MAST, OLAP, and DATA MINING
The purpose of this document is to compare and contrast MAST (Multi-dimensional Analytical and Simulation Tool, which is the tool used by Innovative Computing and SliceAndDiceData.com) and OLAP (the category of multidimensional tools commonly used).
Also, because many of the issues in OLAP apply also to Data Mining tools, many of the points in this document apply equally well to both OLAP and Data Mining tools, when compared to MAST. A short discussion of MAST and Data Mining tools is found at the end of this document.
Similarities:
- Both MAST and OLAP are centered on multidimensional analysis.
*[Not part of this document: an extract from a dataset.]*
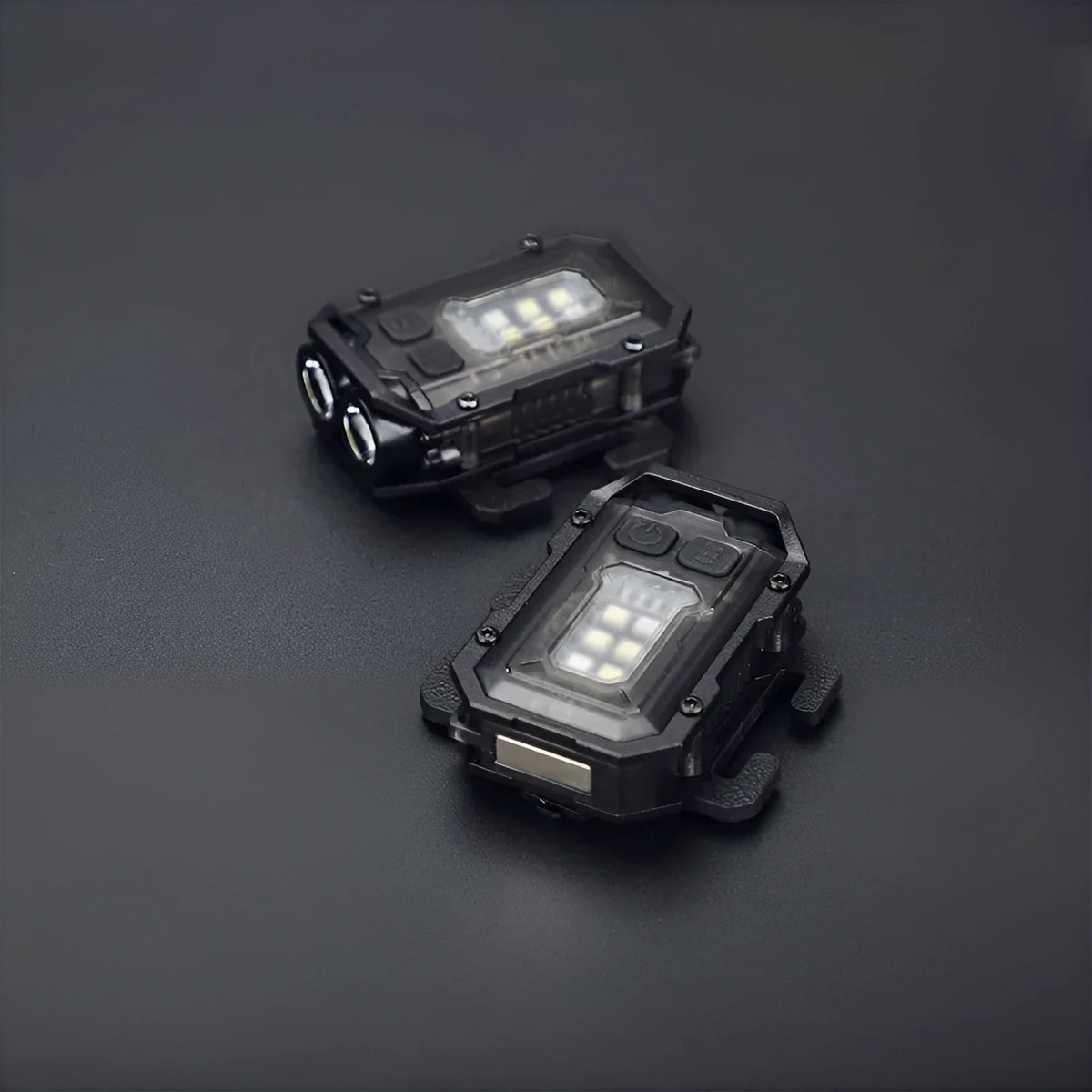 Compact USB rechargeable tactical flashlight with a black mounting clip attached to a backpack strap.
Both allow slicing and dicing of transactions, which is usually an aggregation of variables based upon combinations of dimensions.
For the purposes of this document, we’ll use the terms ‘variable’ and ‘dimension’ from Thomsen’s book OLAP SOLUTIONS. A variable is the number that is collected or aggregated. A dimension is one of the attributes that is used to uniquely identify one instance of the variable. For example, if you were analyzing dollars spent in a grocery store, dollars would be the variable, and dimensions would be things like customer, product, store, time of day, etc.
- Both support hierarchical dimensions (recodes).
Differences:
- MAST allows a great deal of flexibility in the creation of new dimensions and variables. OLAP is quite limited in it’s ability to create variables, and has no ability to create dimensions (in other words, the user is
restricted to the dimensions that were planned beforehand).
Because MAST works with atomic transactions (instead of OLAP style hypercubes), there are no omnipresent dimensions or variables. The user decides what dimensions and variables are desirable, and how they should be represented. If a new dimension or variable is needed that was never needed before, it is often a simple task to create. If it was used before, it has a name, and the user only need reference that name in their request. Also, if certain variables and dimensions are not wanted for a particular analysis, MAST is not hampered by them, so they do not slow down the processing.
MAST allows the creation of new variables and dimensions in a variety of ways, without altering the input data. Created variables and dimensions become ‘virtual data’. They may be referenced as if they were stored in the input file, while MAST actually creates them on the fly.
As a very simple example of virtual data, suppose you’re analyzing products sold in a department store, and you have a product code stored in the input file. You want to analyze based on color, which is not stored in the input file. Assuming that color can be derived from the product code, the MAST administrator can create a ‘color’ dimension in a few minutes, which will always be available for future use, and it will appear to you that ‘color’ is now stored in the input file. Virtual data derivations can get extremely complex, depending on the business needs, and while there’s a work-around in some OLAP tools for this simple ‘color’ example (provided that it was pre-planned), OLAP cannot handle the more complex situations.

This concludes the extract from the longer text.